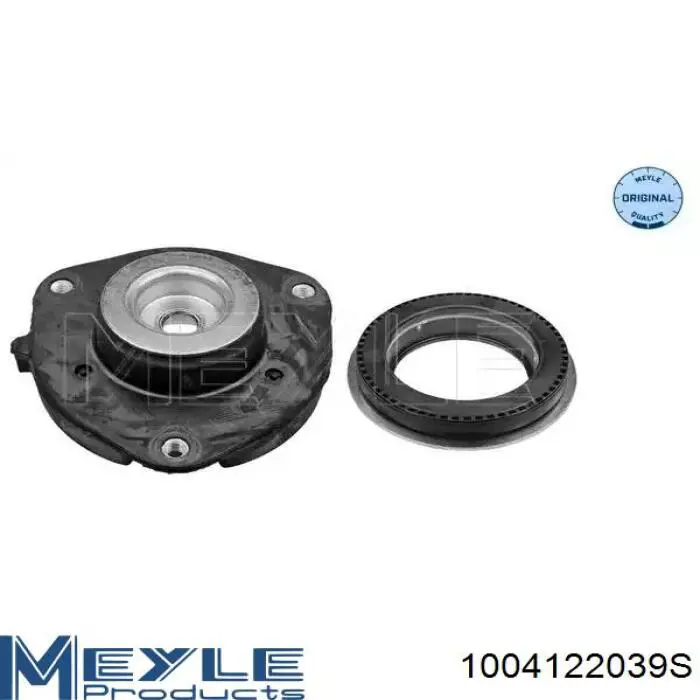 Poduszka amortyzatora przedniego Meyle 1004122039S cena, od 32,93 USD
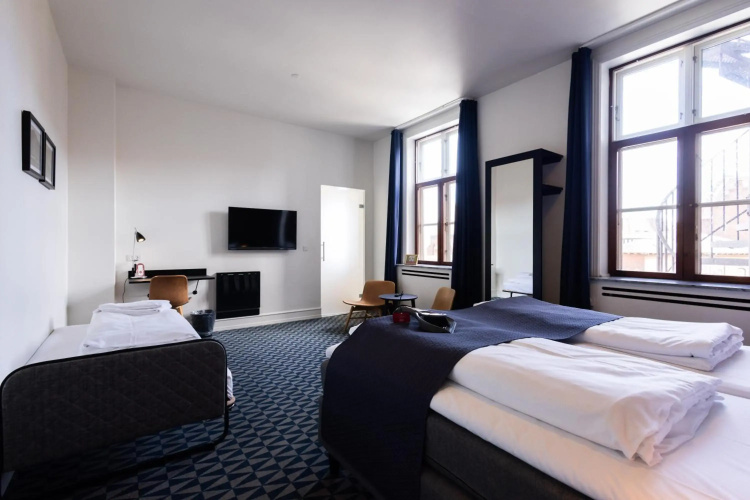 Milling Hotel Ritz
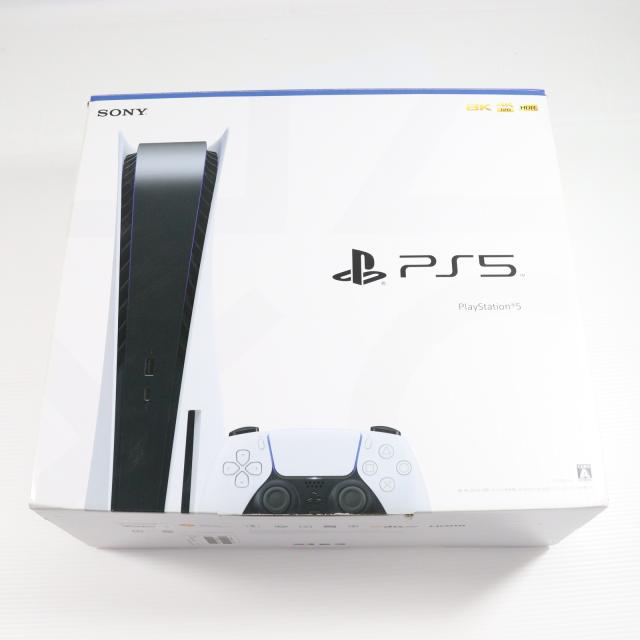 SONY PlayStation 5 cfi-1000a01 小キズあり 中古即納】[PS5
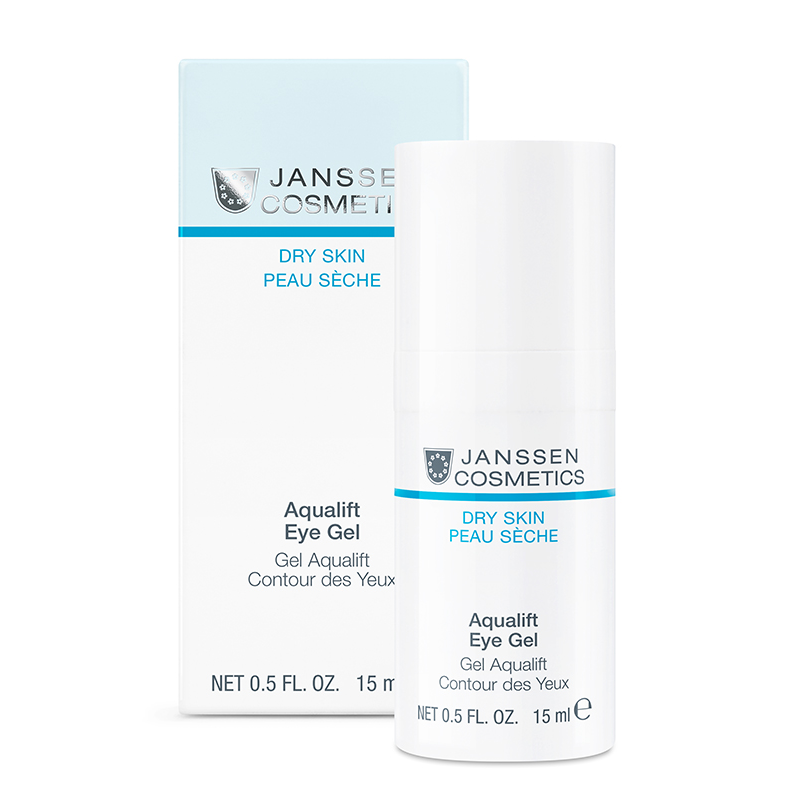 Janssen aqualift eye gel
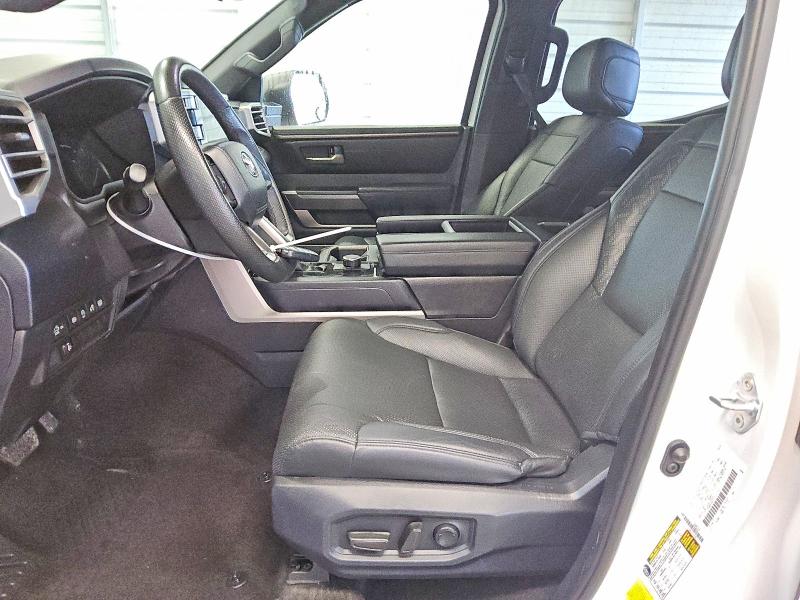 2025 Toyota Tundra მანქანა იყიდება აუქციონზე, vin: 5TFLA5AB0SX043531, აუქციონის ნომერი: 67601386
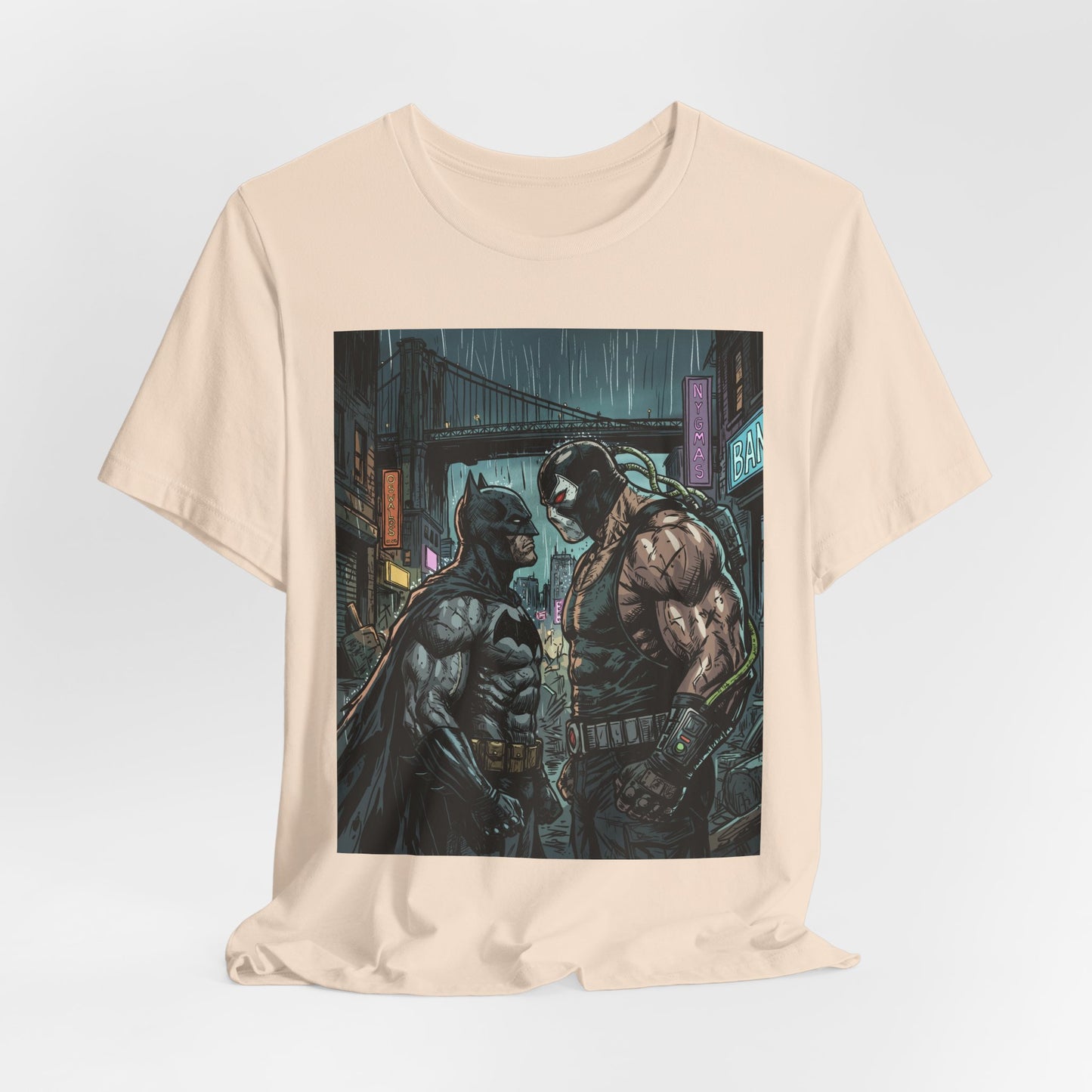 The Bat vs. The Breaker - Shirt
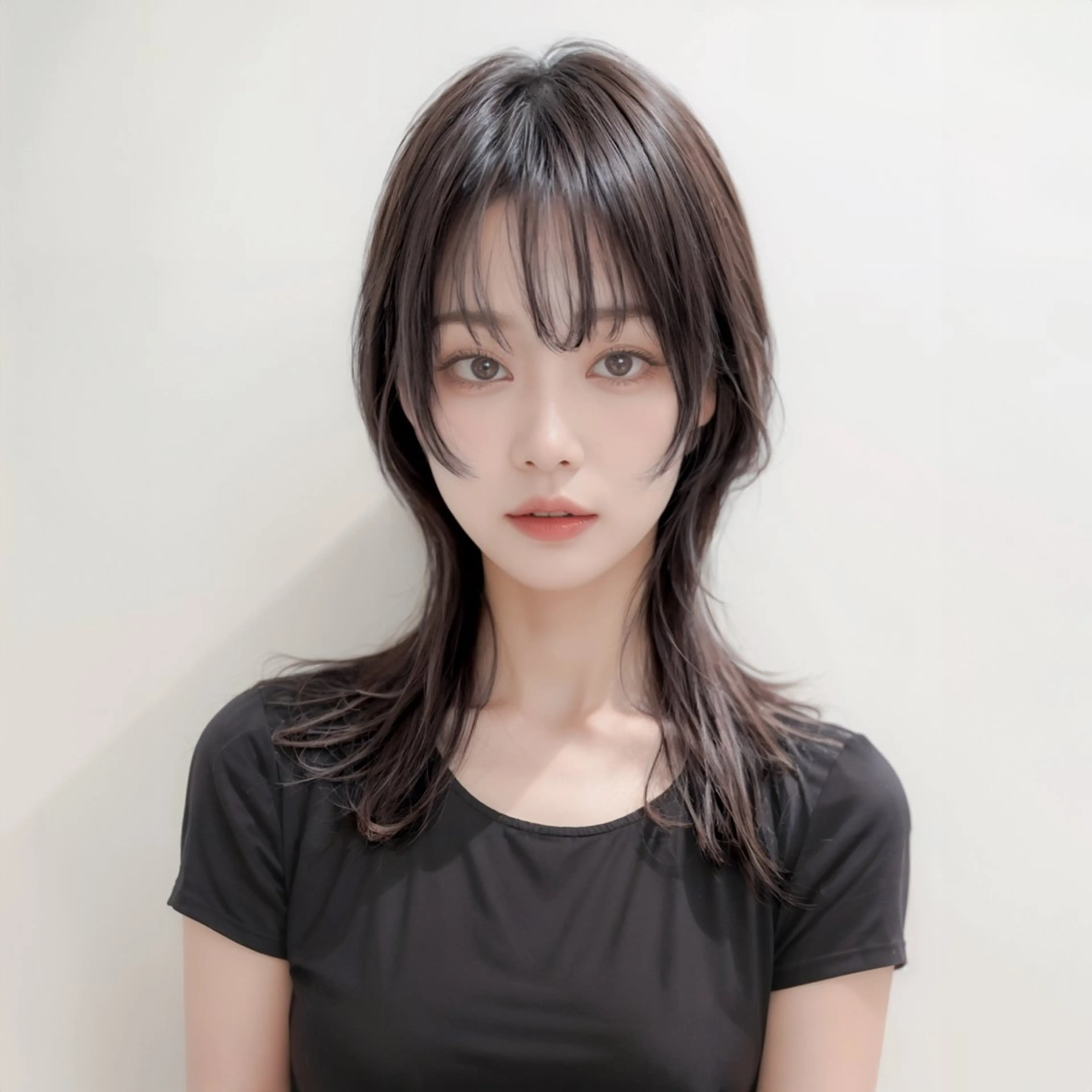 セミロング カラー 似合わせショートヘア 特化🌟YUTAのヘアスタイル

◆ ◆ ◆ ◆

## TO DO
When you reach the line that contains "The Bat vs. The Breaker - Shirt", start reproducing, and continue word for word to the end of the records; skip all pictures.

## TASK RESULT
 The Bat vs. The Breaker - Shirt
 セミロング カラー 似合わせショートヘア 特化🌟YUTAのヘアスタイル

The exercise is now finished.